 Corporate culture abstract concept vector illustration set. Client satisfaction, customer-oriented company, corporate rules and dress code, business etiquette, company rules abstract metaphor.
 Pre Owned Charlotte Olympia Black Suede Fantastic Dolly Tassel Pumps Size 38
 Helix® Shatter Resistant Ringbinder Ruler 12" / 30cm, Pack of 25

..........

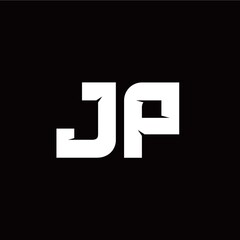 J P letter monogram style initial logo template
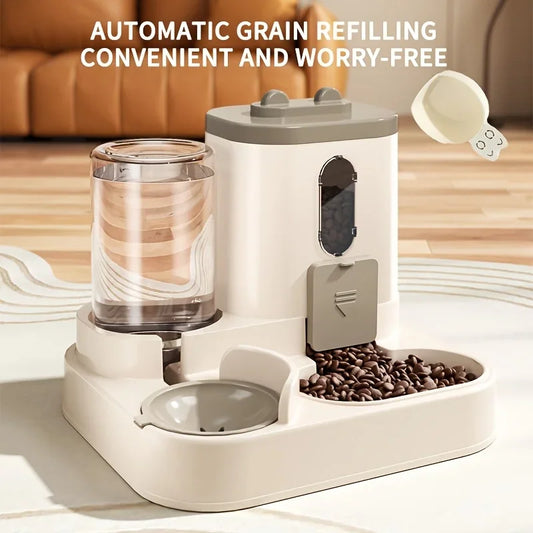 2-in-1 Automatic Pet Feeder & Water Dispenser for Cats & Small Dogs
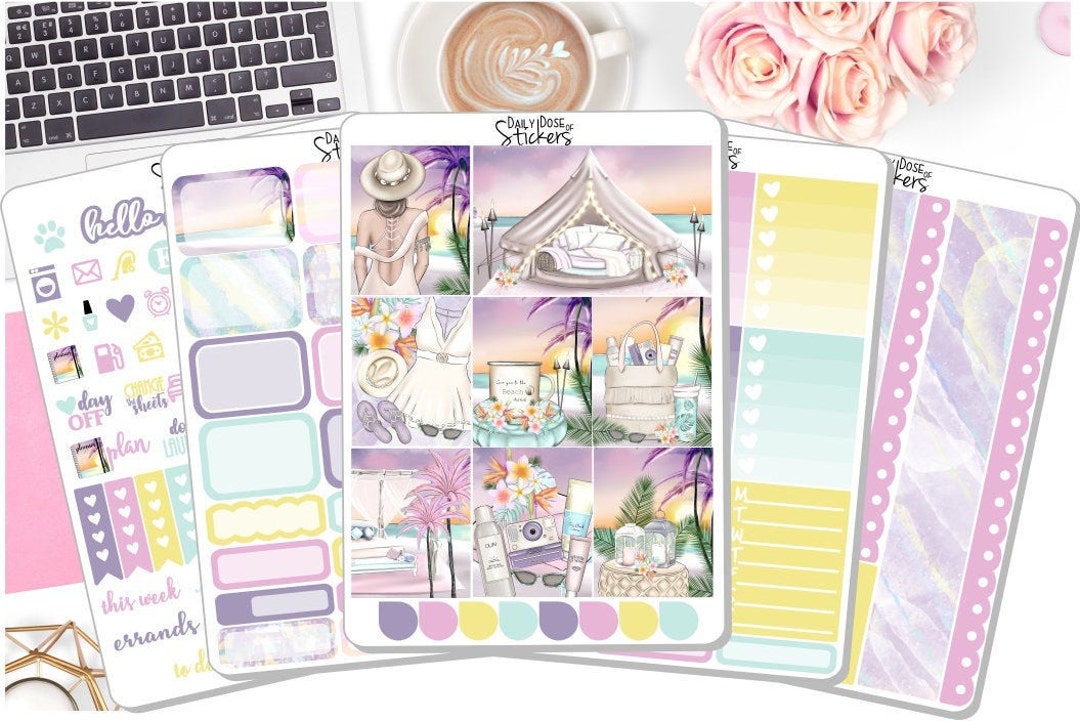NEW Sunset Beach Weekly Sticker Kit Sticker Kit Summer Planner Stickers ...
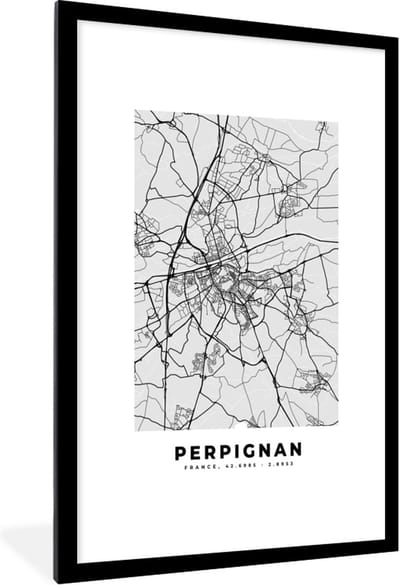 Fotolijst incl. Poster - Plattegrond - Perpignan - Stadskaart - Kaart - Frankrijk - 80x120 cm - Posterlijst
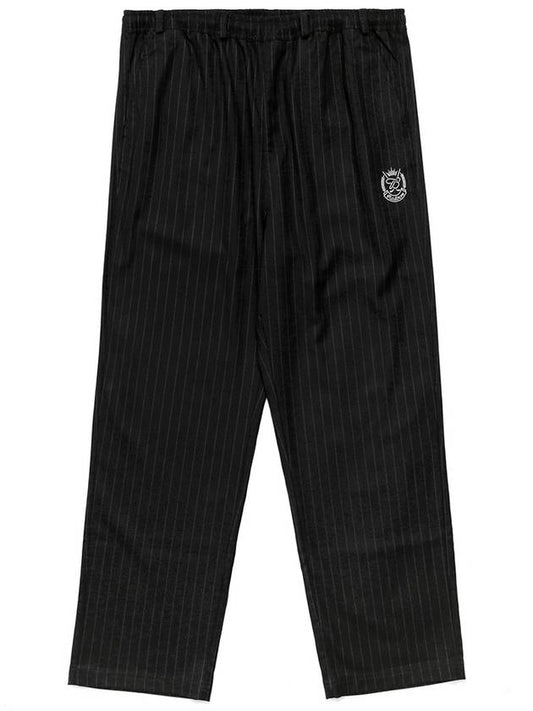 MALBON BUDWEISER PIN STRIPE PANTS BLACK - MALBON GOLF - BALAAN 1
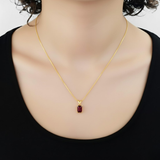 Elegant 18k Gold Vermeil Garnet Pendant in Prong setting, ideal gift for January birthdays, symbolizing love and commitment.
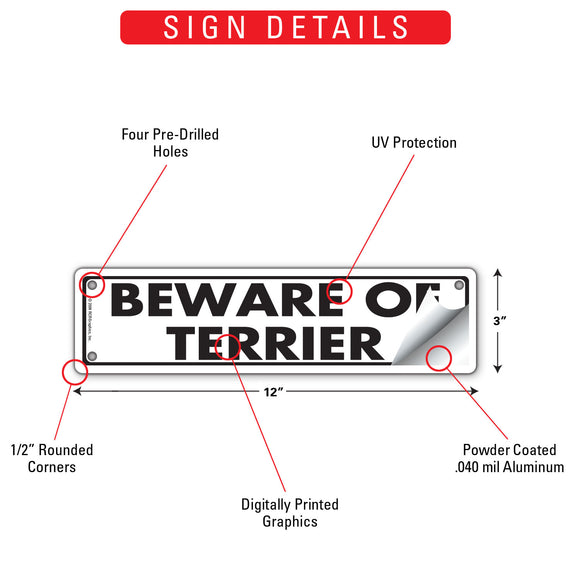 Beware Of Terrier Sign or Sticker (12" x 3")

..........

Work to be completed: Above are records with pictures. Reproduce exactly only the lines from the line with "NEW Sunset Beach" through the line with "MALBON BUDWEISER PIN", both ends included, and leave the pictures out.

Response box:
NEW Sunset Beach Weekly Sticker Kit Sticker Kit Summer Planner Stickers ...
 Fotolijst incl. Poster - Plattegrond - Perpignan - Stadskaart - Kaart - Frankrijk - 80x120 cm - Posterlijst
 MALBON BUDWEISER PIN STRIPE PANTS BLACK - MALBON GOLF - BALAAN 1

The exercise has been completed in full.